A daughter has described both the struggle and the joy of a rare and remarkable side effect of her mum’s dementia which means she is constantly happy.

Maureen Barnett, 65, was diagnosed with vascular dementia in 2003 and at one point the disease and medication left her unable to speak.

But her personality changed after she was diagnosed with Alzheimer’s disease three years ago, with her family saying her “happy switch is now on all the time.”

The grandmother, who worked in social services, was always friendly, but her family say the disease has left her constantly mellow and endlessly cheery.

Her daughter, Michelle Pattenden, 39, said: “Her happy switch is on all the time and she lives in a total state of mindfulness, appreciating everything.


“It has a great effect on us all. When I was growing up we had our fiery moments like all mums and daughters. She’ll tell me what to do, and I’d be a fiery teenager. Mum could have quite a temper on her and so could I – you know like normal.”

“She ran two business, she was an intelligent and career driven woman who knew her own mind,” she added. “Now she lives every day as it comes and in the same mood – she’s just happy.

“She literally appreciates everything. It’s wonderful. She goes for a walk and she points out beautiful flowers or trees.


“She absolutely appreciated everything – every single moment. It’s a state that we all try to achieve often can’t, but she can.”

Mum-of-two Maureen and her husband of 45 years Terry, 65, ran a cornershop and holiday business, before she started work in social services as a receptionist.

Around 15 years ago she started to become “over conscious” about things at work and went for tests and scans.

She was diagnosed with vascular dementia in 2003 and went through a period of not talking at all and started forgetting memories. Once she was also diagnosed with Alzheimer’s, she became more cheerful and mindful. Although she experiences short-term memory loss and frequent bouts of deja vu she mainly feels happy and determined to help others, Michelle said.

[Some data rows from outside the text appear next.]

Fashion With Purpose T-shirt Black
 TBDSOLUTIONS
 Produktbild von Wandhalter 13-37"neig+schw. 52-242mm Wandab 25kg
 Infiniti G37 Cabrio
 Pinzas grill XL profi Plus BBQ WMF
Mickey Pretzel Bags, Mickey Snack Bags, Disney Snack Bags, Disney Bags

While her family are constantly inspired by her positive outlook, it can have its difficulties. “When her mum died in May she just had the same mood,” said Michelle, a hypnotherapist from Bridgwater, Somerset. “That can be difficult for members of the family. I’ve been through the tears, I’ve got angry, I’ve wanted her to tell me what to do as my mum, but I can’t do that anymore. We just have to enter her reality. She’s still a person, she still has valid thoughts and feelings. We can’t reverse it, can’t change the fact she has dementia, so we just have to adapt with her. When we let her talk, we see her confidence and sense of purpose grow.”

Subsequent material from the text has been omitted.